Parenting

UPDATED: DH, DS and Makeup. Advice?

Ok, so, a few days ago DS came to me and wanted to "do my makeup". He used crayons to do my eye shadow and blush and a fake brush to "paint it on". DH told me not to let DS do it because "he's a boy and shouldn't be 'putting makeup on me'" DS was having fun and I saw no reason to tell him no.

Well, earlier today I was doing my makeup and DS was standing at the bathroom counter with me, watching like he always does. After DH got home, DS wanted to "do my makeup" again and I let him. DS was having so much fun and told me he was "making me pretty". When DH heard that he gave me a look and walked out of the room. He later told me that I really need to stop letting DS do that. He actually got really upset about it but the only reason he's giving me is because "he's a boy". So? Who cares if he's a boy? He's just playing.

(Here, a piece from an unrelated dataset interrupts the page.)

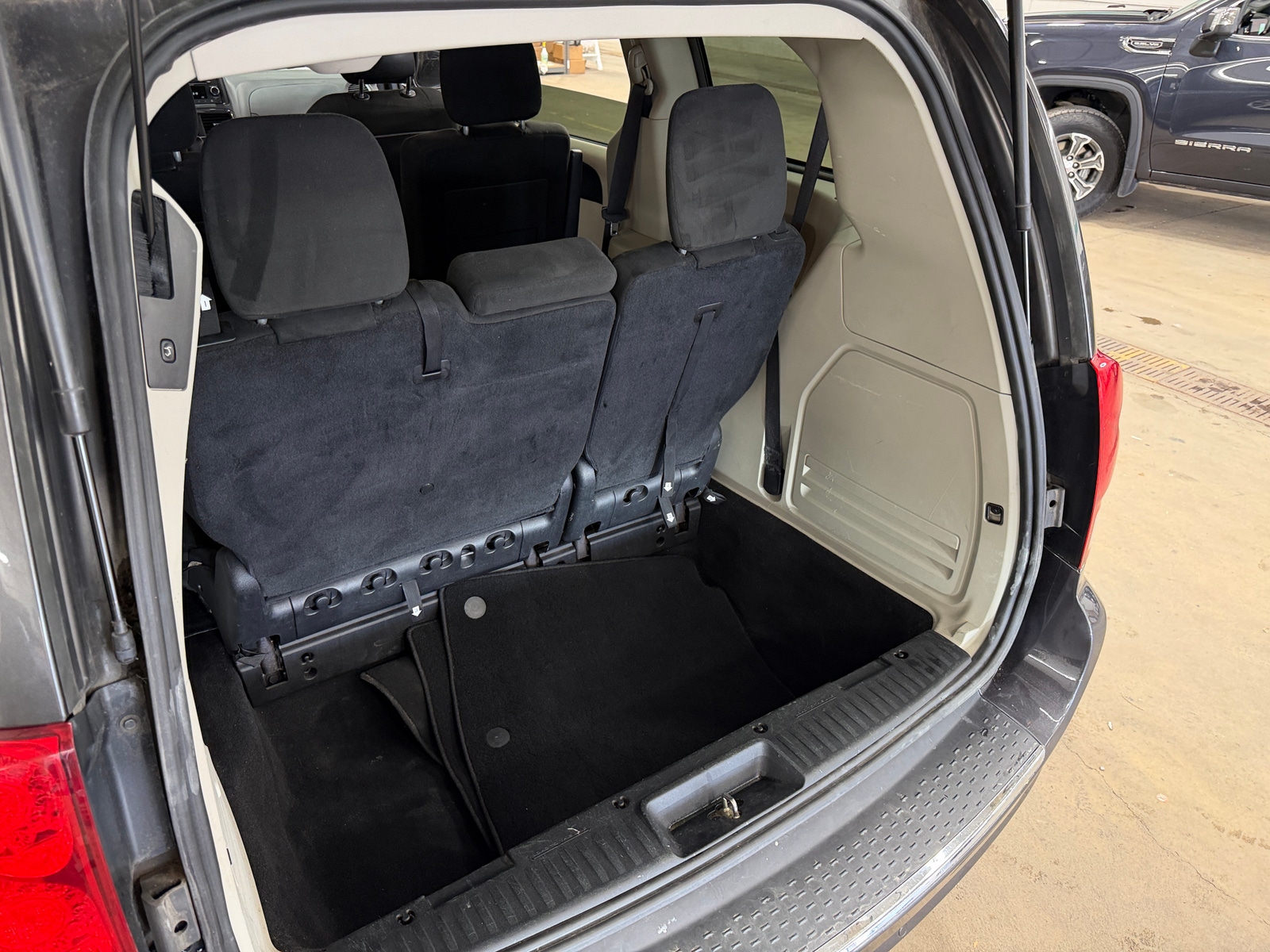 Thumbnail: 2016 Dodge Grand Caravan - 7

So, what can I do about this. I have no reason to make him stop. He'll be 3 next month, to me, he's just exploring and having fun. What can I say to DH to make him relax about it? Only thing I can really do right now is not let DS do it when DH is home. But I don't wanna hide it from him or make DS feel like he can't do certain things around DH. Any advice? TIA.


UPDATE: DS mentioned makeup and DH gave me "the look" again. This is how it went down...

Me: Wipe that look off your face. He's not doing anything wrong. He's 2 for christ sake and I don't give sh!t if he's a boy. He's using his imagination and having fun. Deal with it.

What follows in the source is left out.